*BRIEF*
Take the records below and set down exactly the lines from the one with "Rechthoekig terracotta zonnescherm" to the one with "Mexico, Silver 5", ends included; do not copy the pictures.

*MATERIAL FOR THIS TASK*

============================================================

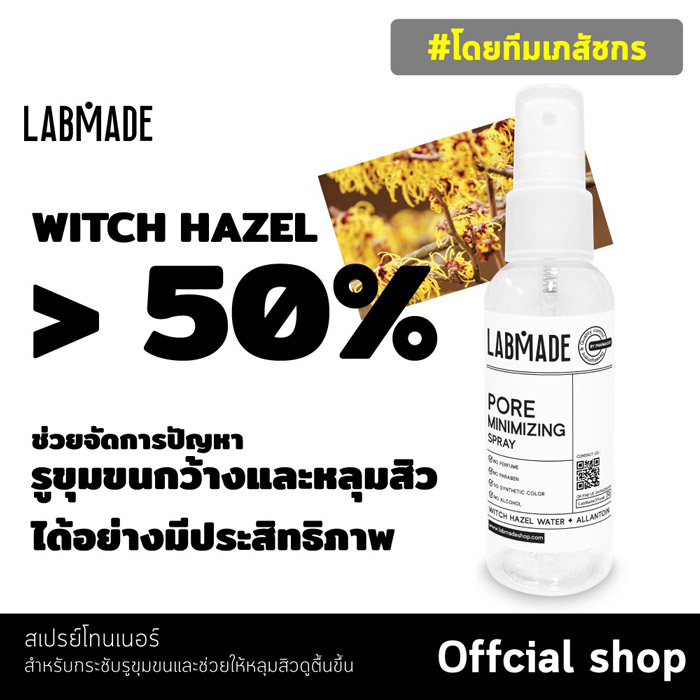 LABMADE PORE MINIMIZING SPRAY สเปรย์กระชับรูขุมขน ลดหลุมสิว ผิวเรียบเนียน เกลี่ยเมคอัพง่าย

============================================================

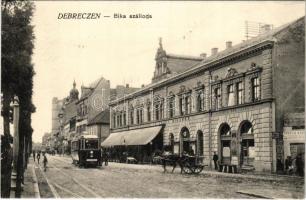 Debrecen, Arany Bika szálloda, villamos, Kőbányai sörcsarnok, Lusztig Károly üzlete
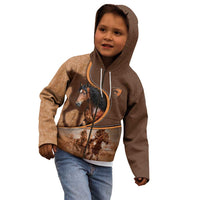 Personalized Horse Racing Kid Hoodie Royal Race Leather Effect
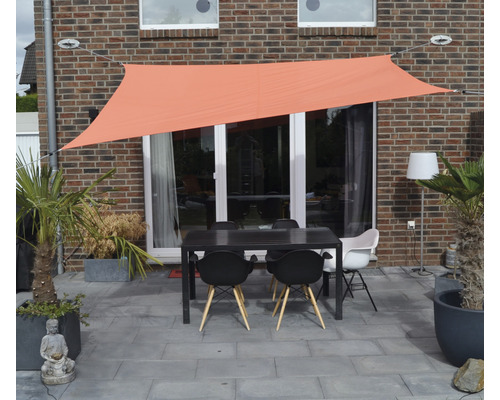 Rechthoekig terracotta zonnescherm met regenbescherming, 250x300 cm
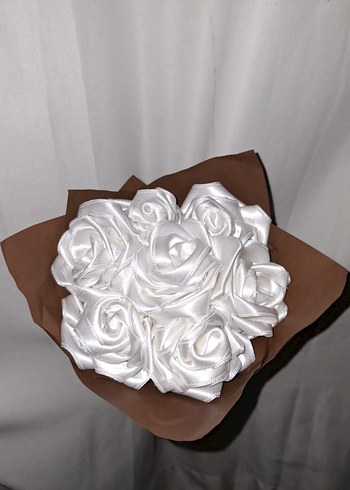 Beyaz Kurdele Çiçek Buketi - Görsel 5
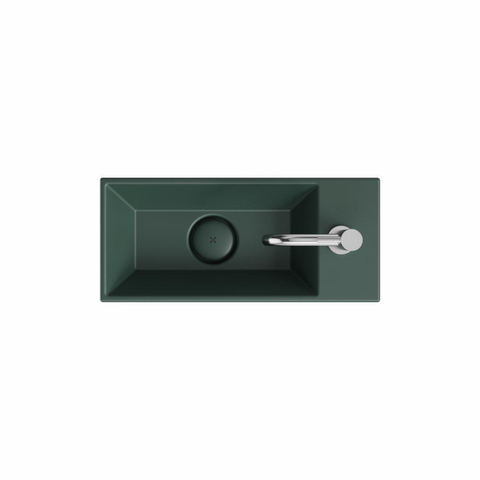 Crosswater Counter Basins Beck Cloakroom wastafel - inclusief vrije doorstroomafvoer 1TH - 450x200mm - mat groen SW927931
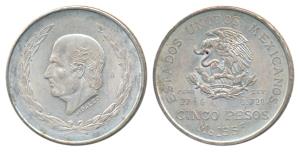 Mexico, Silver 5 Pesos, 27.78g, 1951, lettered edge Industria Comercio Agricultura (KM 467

============================================================

*ANSWER TO THE EXERCISE*
 Rechthoekig terracotta zonnescherm met regenbescherming, 250x300 cm
 Beyaz Kurdele Çiçek Buketi - Görsel 5
 Crosswater Counter Basins Beck Cloakroom wastafel - inclusief vrije doorstroomafvoer 1TH - 450x200mm - mat groen SW927931
 Mexico, Silver 5 Pesos, 27.78g, 1951, lettered edge Industria Comercio Agricultura (KM 467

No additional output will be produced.